Prima di andarsene troppo presto Remaggi ci ha lasciato anche la biografia di Marco Bollesan, da leggere in una notte, di corsa come la vita del rugbysta italiano più conosciuto prima che il rugby fosse conosciuto. La vita di Bollesan è effettivamente un trascinante romanzo d'avventura e non c'era da aggiungere nulla: ovvero il compito più difficile per il biografo, come sa bene chi prova a scrivere. Un'altra meta segnata da “Lele” che d'ora in poi sarà ricordato anche dalle ragazze e dai ragazzi che giocheranno e studieranno grazie alla borsa di studio in suo nome.

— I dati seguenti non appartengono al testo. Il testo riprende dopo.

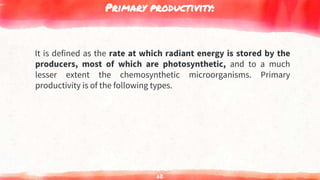 Primary productivity:
It is defined as the rate at which radiant energy is stored by the
producers, most of which are photosynthetic, and to a much
lesser extent the chemosynthetic microorganisms. Primary
productivity is of the following types.
62
 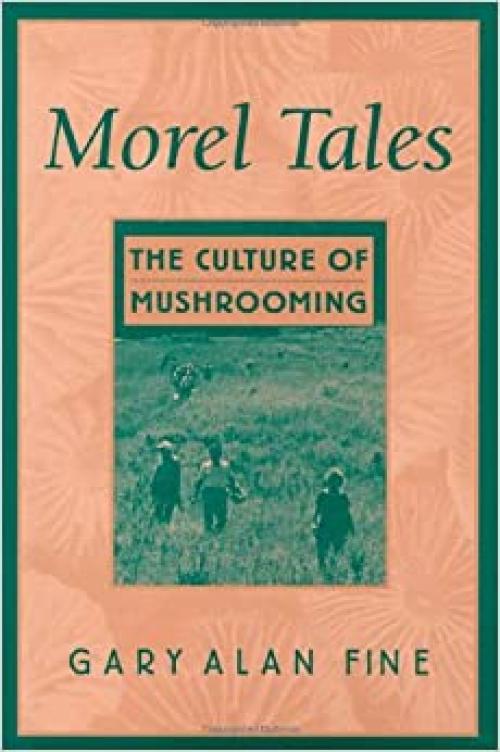 Morel Tales: The Culture of Mushrooming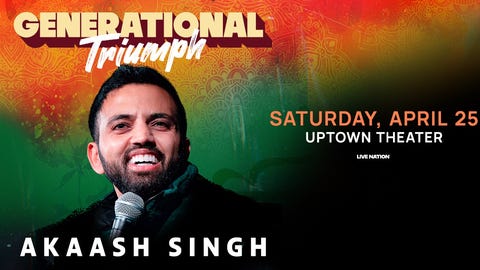 Akaash Singh: Generational Triumph Tour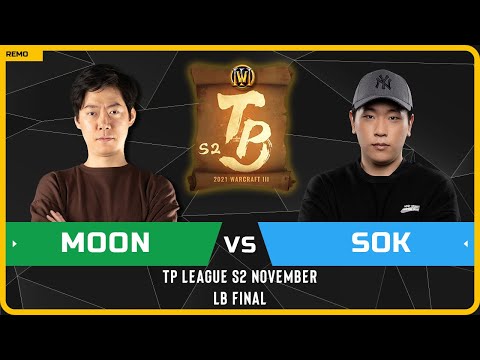 WC3 - [NE] Moon vs Sok [HU] - LB Final - TP League S2 Monthly 3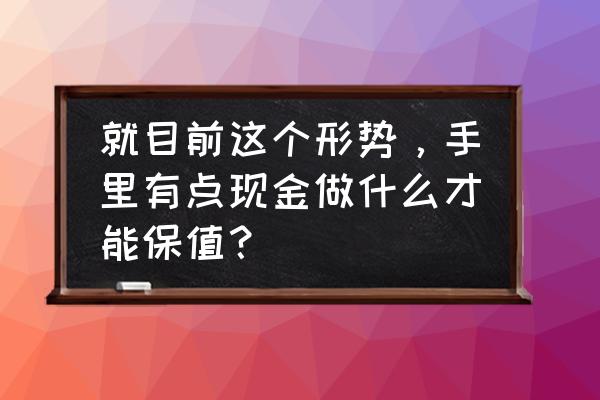 简单有效的存钱方法 就目前这个形势，手里有点现金做什么才能保值？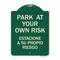 Signmission Park Your Own Risk Estacione Su Propio Riesgo Heavy-Gauge Aluminum Sign, 24" x 18", G-1824-23489 A-DES-G-1824-23489 - alternate 1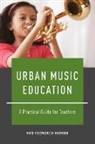 Kate Fitzpatrick-Harnish, Kate (Assistant Professor of Fitzpatrick-Harnish, Kate (Assistant Professor of Music Education Fitzpatrick-Harnish - Urban Music Education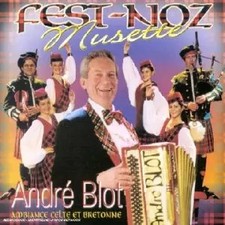 Fest-Noz Musette, André Blot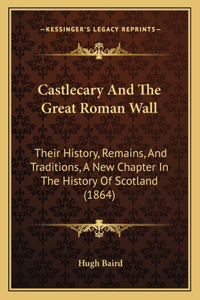 Castlecary And The Great Roman Wall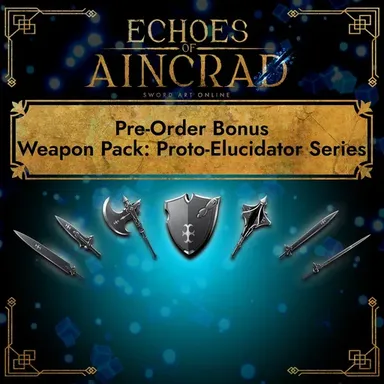 Echoes of Aincrad - Weapon Pack: Proto-Elucidator Series
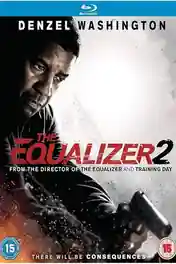 The Equalizer 2 2018 BluRay Hindi Dual Audio ORG Full Movie Download 1080p | 720p | 480p poster | Bolly4u Official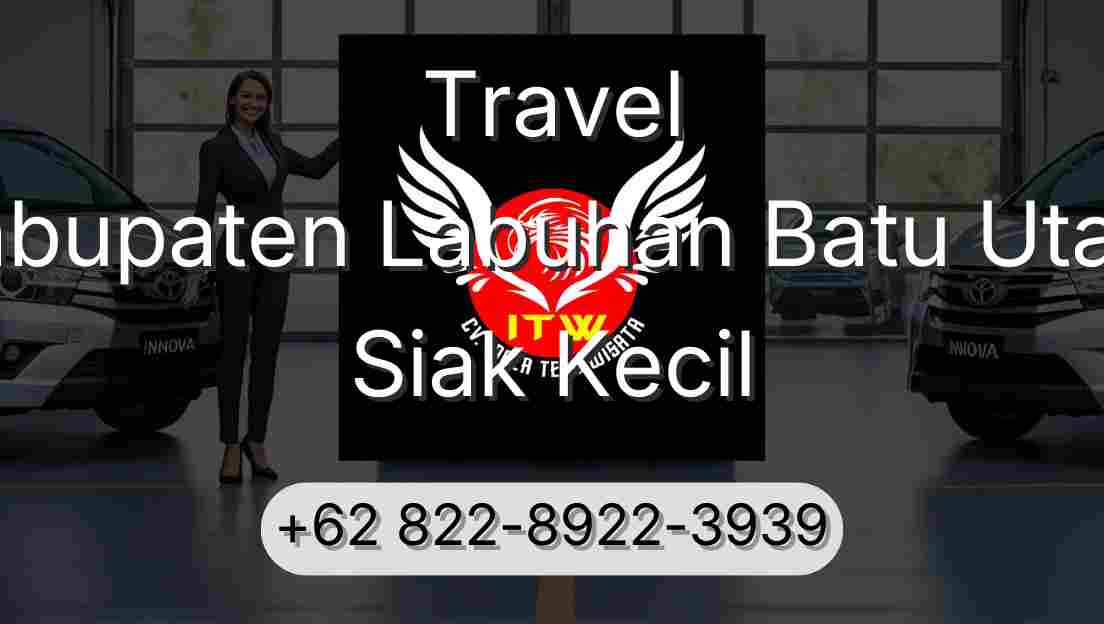 Travel Kabupaten Labuhan Batu Utara Siak Kecil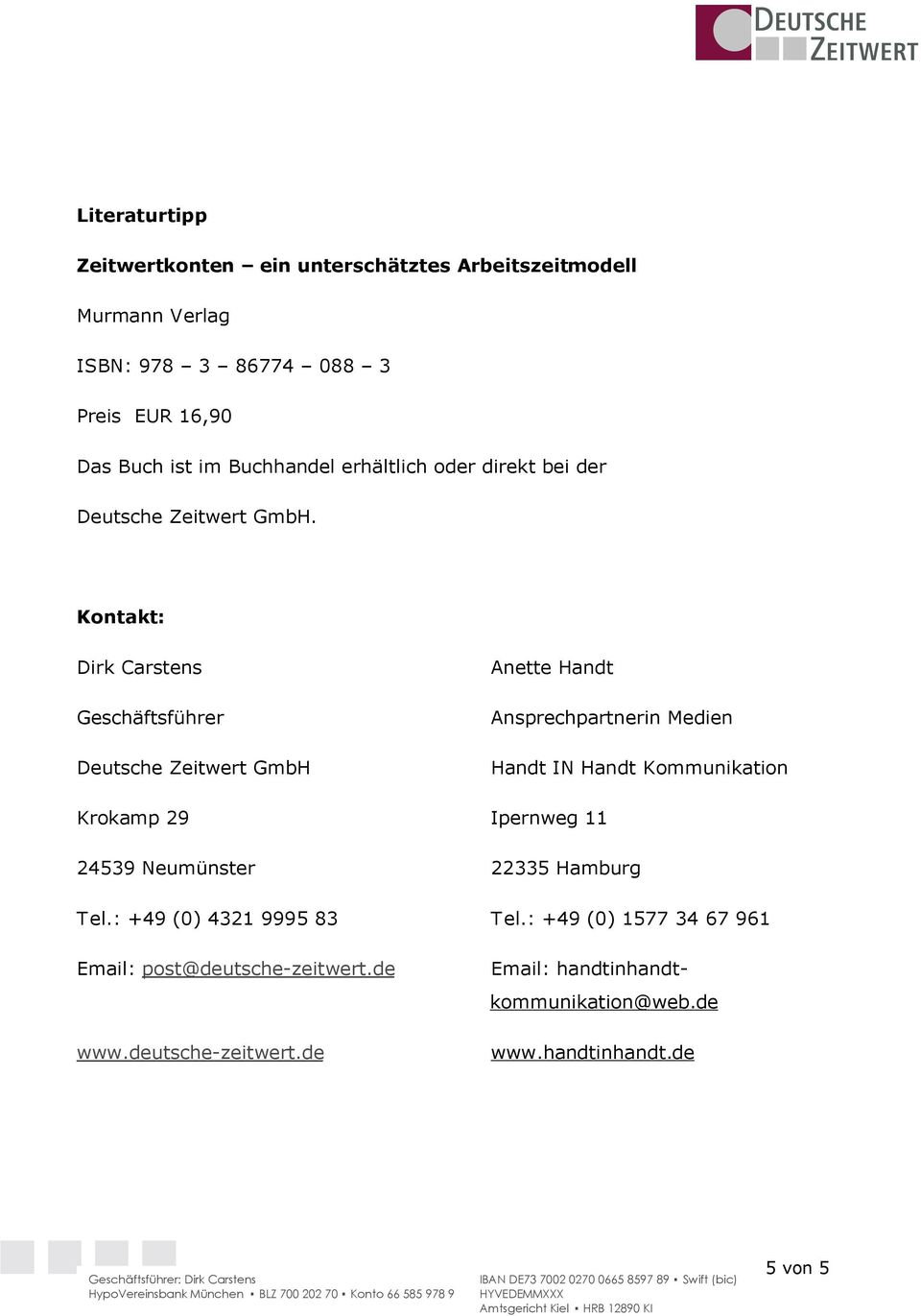 Kontakt: Dirk Carstens Geschäftsführer Deutsche Zeitwert GmbH Anette Handt Ansprechpartnerin Medien Handt IN Handt Kommunikation Krokamp 29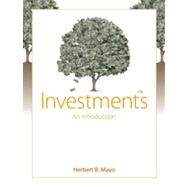 Investments: An Introduction (with Thomson ONE - Business School Edition and Stock-Trak Coupon), 10th Edition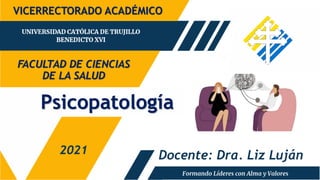 Psicopatología
FACULTAD DE CIENCIAS
DE LA SALUD
2021
VICERRECTORADO ACADÉMICO
Docente: Dra. Liz Luján
 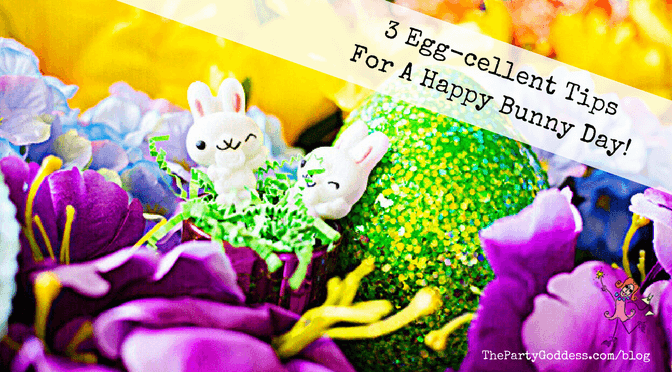 3 Egg-cellent Tips For A Happy Bunny Day!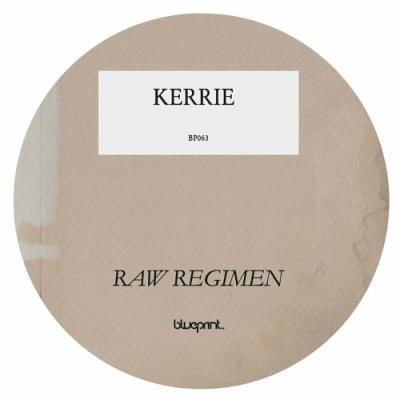 VA - Kerrie - Raw Regimen EP (2022) (MP3)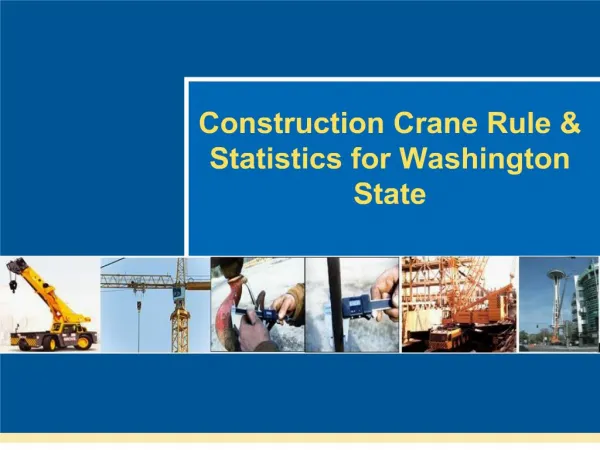 Construction Crane Rule Statistics for Washington State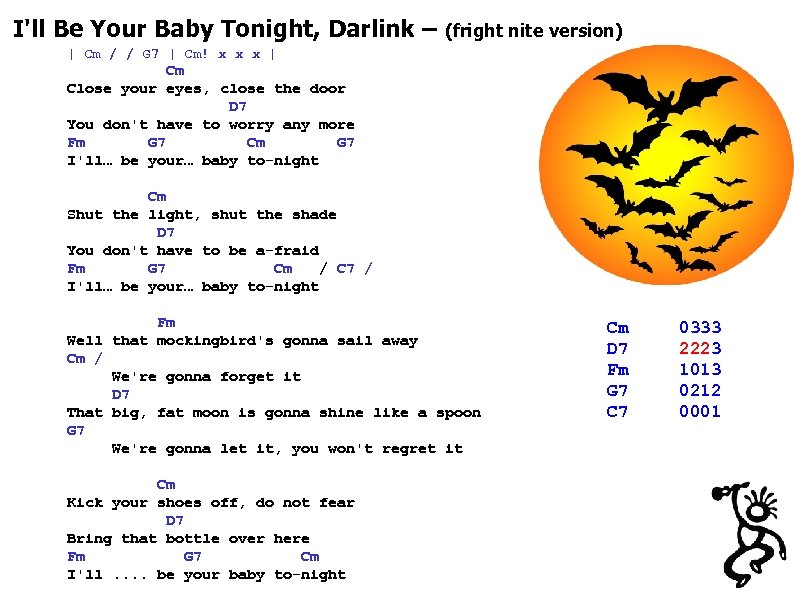 I'll Be Your Baby Tonight, Darlink – (fright nite version) | Cm / /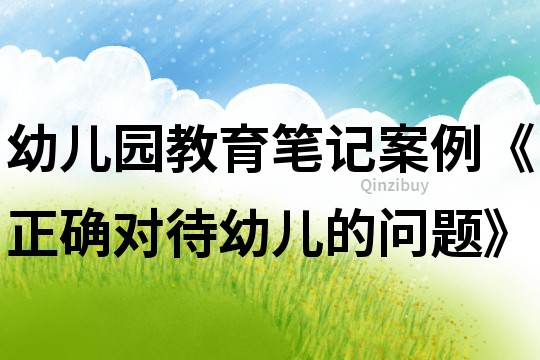 幼兒園教育筆記案例《正確對(duì)待幼兒的問題》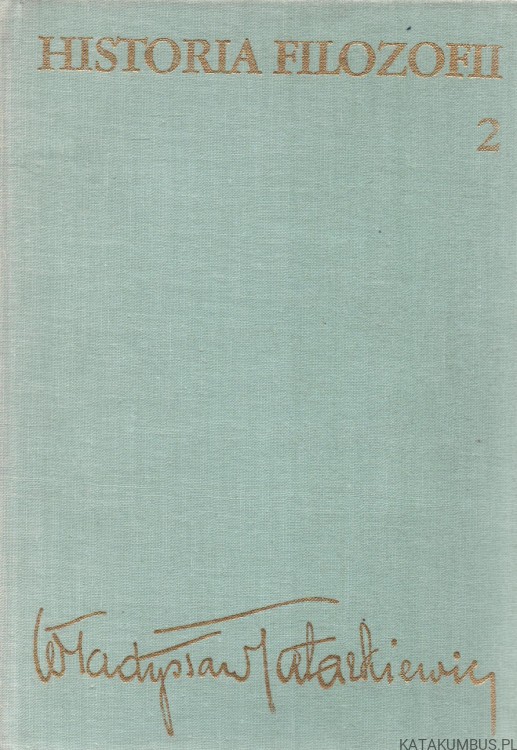 Historia filozofii, t. 2. WŁADYSŁAW TATARKIEWICZ
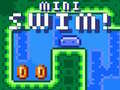                                                                       Mini Swim! ﻞﯿﮭﮐ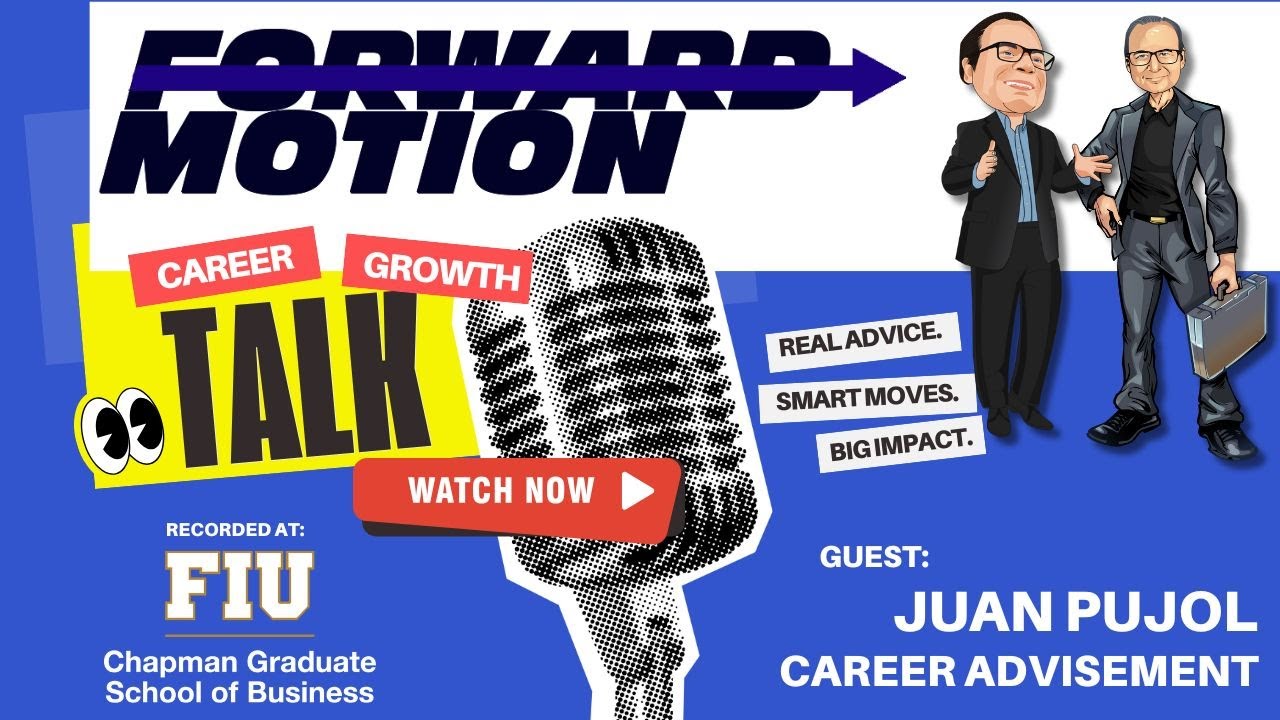 The Career Advice College Never Told You Internships, MBAs & AI |  Forward Motion Business Show FIU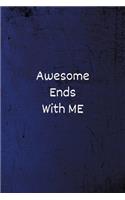 Awesome Ends With ME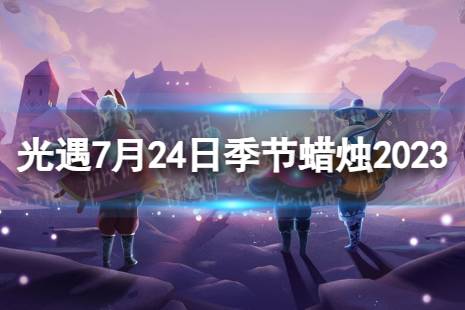 《光遇》7月24日季节蜡烛在哪 7.24季节蜡烛位置2023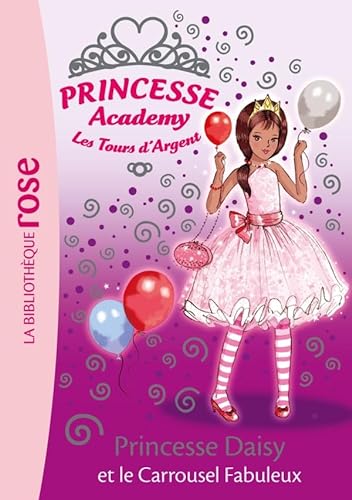 Stock image for Princesse Academy 09 - Princesse Daisy et le carrousel fabuleux for sale by ThriftBooks-Dallas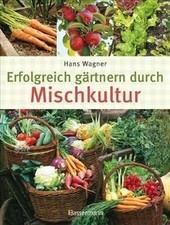 Erfolgreich gärtnern durch Mischkultur von Wagner, ... | Buch | Zustand sehr gut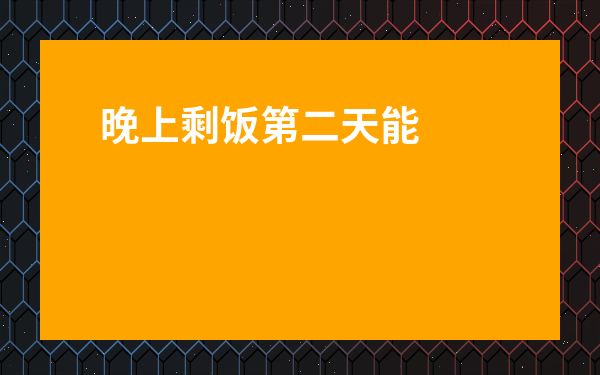 晚上剩飯第二天能吃嗎-兩三天的剩飯還可以吃嗎
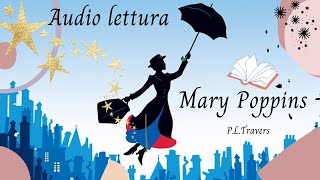 Mary Poppins💜PLTravers ✨Ep03🌂GAS ESILARANTE💨 audiolibro [upl. by Gene]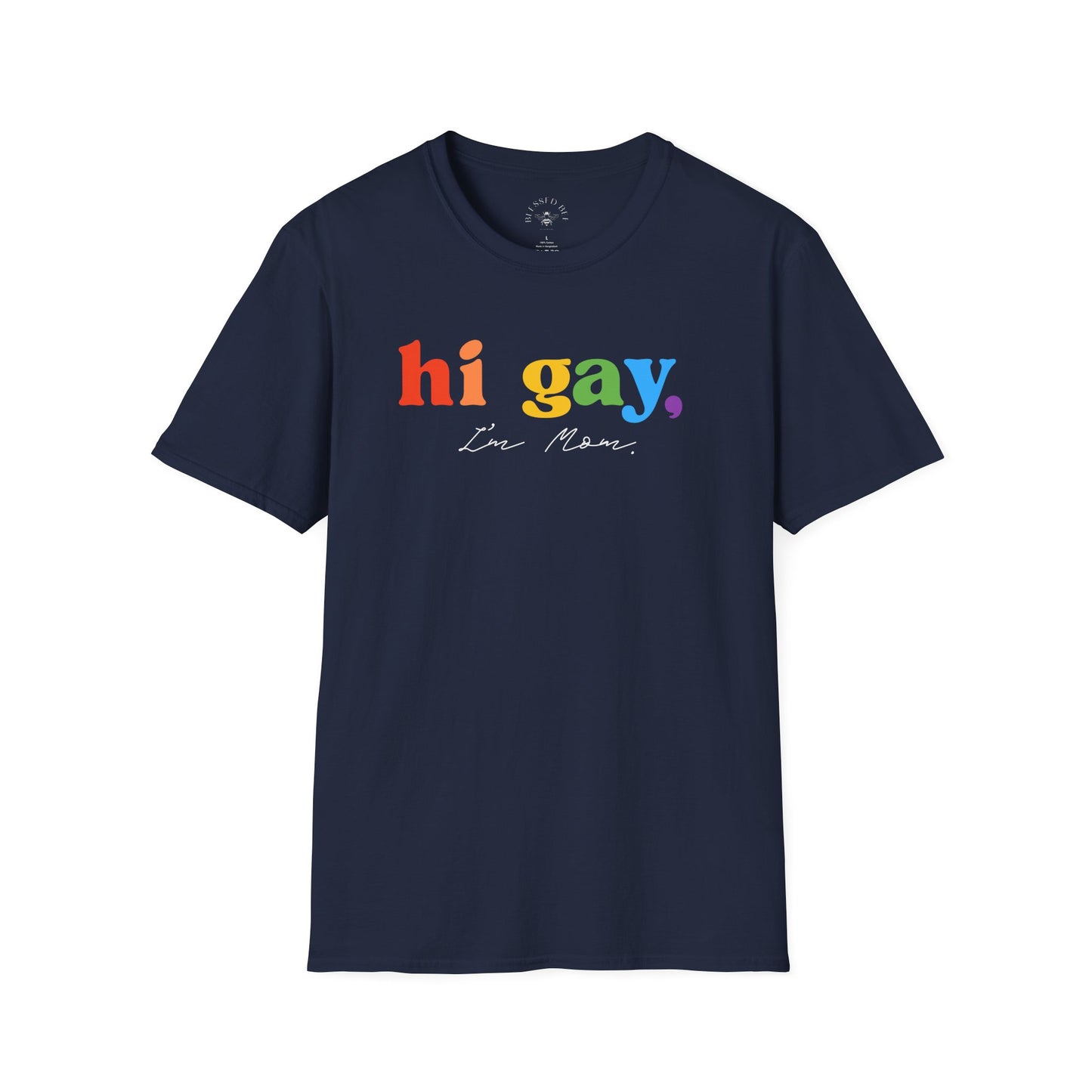 Hi Gay, I'm Mom - T-Shirt - Adult (Front & Back)
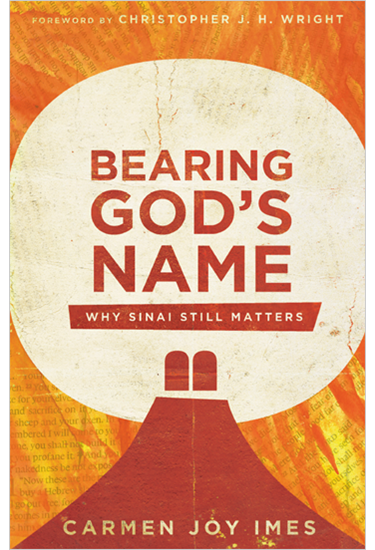 Bearing God's Name: Why Sinai Still Matters, By Carmen Joy Imes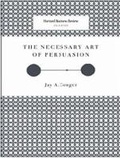 Cover: The Necessary Art of Persuasion - Harvard Business Review Press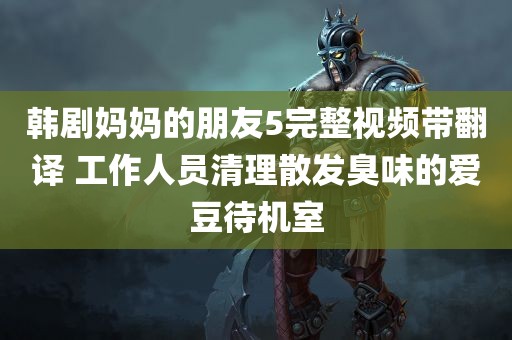 韩剧妈妈的朋友5完整视频带翻译 工作人员清理散发臭味的爱豆待机室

La nota della Federazione italiana rugby

Una borsa di studio dedicata alla memoria di Gabriele Remaggi, rugbista, giornalista e scrittore prematuramente scomparso nel 2015, è stata istituita dal Consiglio Federale della FIR nella riunione del 29 dicembre.  

La borsa di studio è stata deliberata dall’organo di governo del rugby italiano accogliendo con favore la richiesta di alcune tra le firme più conosciute del panorama rugbistico italiano che, con Remaggi, avevano condiviso la passione per la narrazione del Gioco. 

Un Comitato Scientifico di prossima costituzione, composto da rappresentanti di FIR e dei media nazionali, avrà il compito, dal 2021 e per gli anni a venire, di identificare uno tra atlete e atleti più meritevoli che abbiano dimostrato di eccellere sia a livello sportivo che accademico.

Alla borsa di studio contribuiranno sia la Federazione Italiana Rugby che le donazioni volontarie dei giornalisti italiani aderenti all’iniziativa.

Gabriele Remaggi 

Genovese, pilone destro del CUS Genova negli Anni Novanta e Duemila e giornalista professionista, ha lavorato per numerose testate tra cui Repubblica, Gazzetta dello Sport, La Stampa, Il Secolo XIX, il Corriere Mercantile. SkySport e televisioni locali del capoluogo ligure. 

Legatissimo al rugby anche dopo il ritiro agonistico, aveva continuato a collaborare con il Cus Genova come addetto stampa, ruolo ricoperto sino alla sua improvvisa scomparsa a soli 48 anni nel 2015, ed aveva scritto a quattro mani con Marco Bollesan la biografia del capitano e ct azzurro, “Una meta dopo l’altra”, pubblicato nel 2012 per Limina.